Monroe makes his beer without alcohol, which is one of two main ways to produce NA products. One path is to brew a beer (or wine) as normal, and take the alcohol out in the end. The other is to brew the beer in such a way that you mimic the flavor profile of beer without ever having put in any alcohol. Monroe says the first option requires expensive equipment to filter out the alcohol, and it just wasn’t feasible for a small operation like his.

The journey was made more frustrating by the fact that most nonalcoholic beer companies generally refuse to share their recipes, so he posts all his trials and exact recipes on his blog. Several brewers have reached out to him.

Nonalcoholic beer is still a small percentage of the overall market, but Monroe notes that it’s the fastest-growing category in the industry.

“For me, though, it’s a very personal journey,” he says. “It’s about getting back to my home-brewing roots and having something I can create that I can consume myself. If I can create some really good NA beers that we can offer to our customers, it’s enough for me.”

Seattle is also a leader in the nonalcoholic wine category. Joyus, launched in 2021, is the first and only nonalcoholic winery in the Pacific Northwest and the first 100% woman-owned and sober-owned nonalcoholic winery in the U.S. 

Founder Jess Selander quit drinking 17 years ago. She kept her sobriety private for a long time, noting that, until recently, many people had a negative perception of teetotalers.

“When I started researching seven or eight years ago, there was one sparkling wine in the entire country, and it was rare to find in stores,” she says. “Plus, it was very sweet. Going from one option for sparkling wine and a few NA beers, to enough to fill a storefront, I honestly did not think that would ever happen.”

Though there is now much to celebrate, the road Selander took was not an easy one. She started by speaking to anyone in the wine industry who would take her calls, and estimates she talked to more than 100 people. The response she received was “overwhelmingly negative.”

But, as someone fed up with not being able to see anything in the marketplace that reflected her preferences and interests as a consumer, she persisted. She had to invent her own process and techniques. Joyus is made just like any other sparkling wine, but has the alcohol removed at the end. Joyus is now in more than 240 stores across the country.

“Our mission is to normalize non-drinking, but we’re so far from it being normalized,” Selander says. “There’s still a lot of work to do.”   

“Our mission is to normalize nondrinking, but we’re so far from it being normalized.” – Jess Selander, Joyus founder

The Toast of the Town

Here is a short list of some of our favorite nonalcoholic establishments

Eight Row in Greenlake Village has a rotating list of at least five seasonal NA cocktails and one sparkling wine, proudly displayed on the front of the drink menu. The five-course chef’s tasting menu also offers the option of a nonalcoholic drink pairing, with every drink curated solely for each course, perfectly complementing the flavor profiles of each dish.
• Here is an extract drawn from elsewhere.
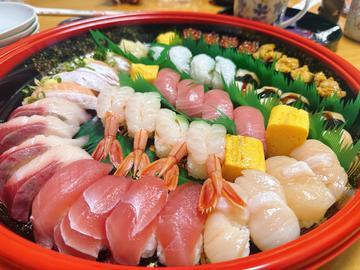 おすし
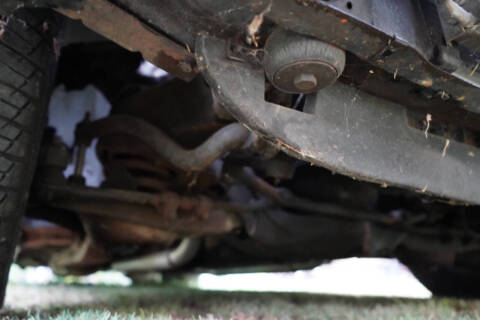 1976 Pontiac Firebird Trans Am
Life on Mars on Capitol Hill has built NA drinks into the fabric of its menu, with just one cocktail menu that lists the ABV in each drink, making a conscious choice to show no separation between worlds. There are usually at least six NA options on the menu.

Cactus, with several locations across the city, has a No Sin Cocktail list section on its menu with five options. And though Cactus doesn’t use any NA spirits, it makes its own ginger beer, and the drinks are as pretty as their other cocktails.
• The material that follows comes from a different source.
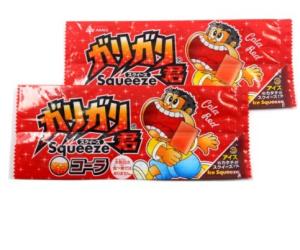 Quality Custom Printing Heat Seal Biodegradable plastic wholesale popsicle packaging bag wholesale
Stampede Cocktail Club in the Fremont neighborhood offers NA beer and five NA cocktails, all made using NA wine and spirits (including one made of sea buckthorn berries), and a variety of house-made syrups such as peppercorn or fig vanilla, mulling spices, cardamom, rosewater, and tonka bean.
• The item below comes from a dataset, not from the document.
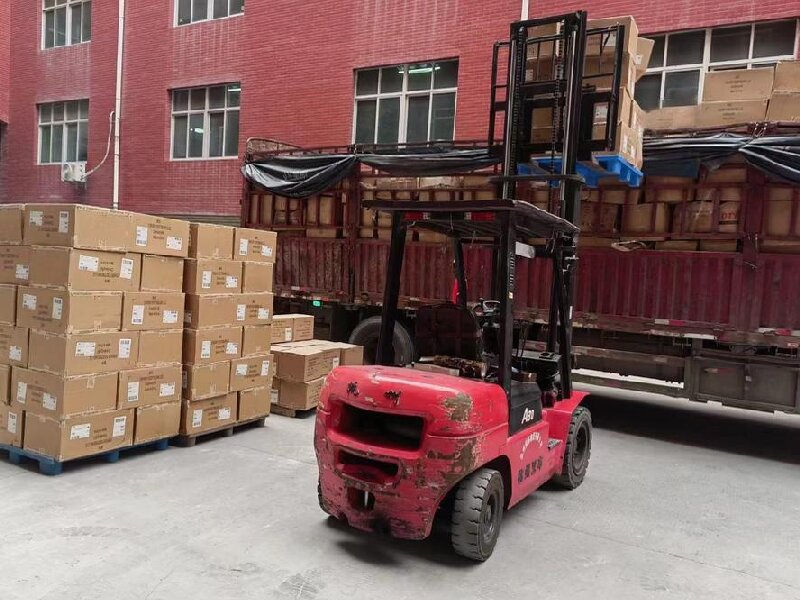 蘇州至隆昌物流公司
Navy Strength in Belltown, a tiki-themed bar, has at least three NA drinks on the menu, including the “Sober Saturn,” made with Wilderton Lustre, passion fruit, falernum, and coconut water.

Rumba, on Capitol Hill, pours a “Just for Halabas,” made with Joyus sparkling wine, coconut cream, cantaloupe, yuzu, lime leaf, and lime juice.

Meesha in Ballard offers four non-alcoholic cocktails.

Waterbrook Winery in Walla Walla lists a line of NA options it calls clean wines.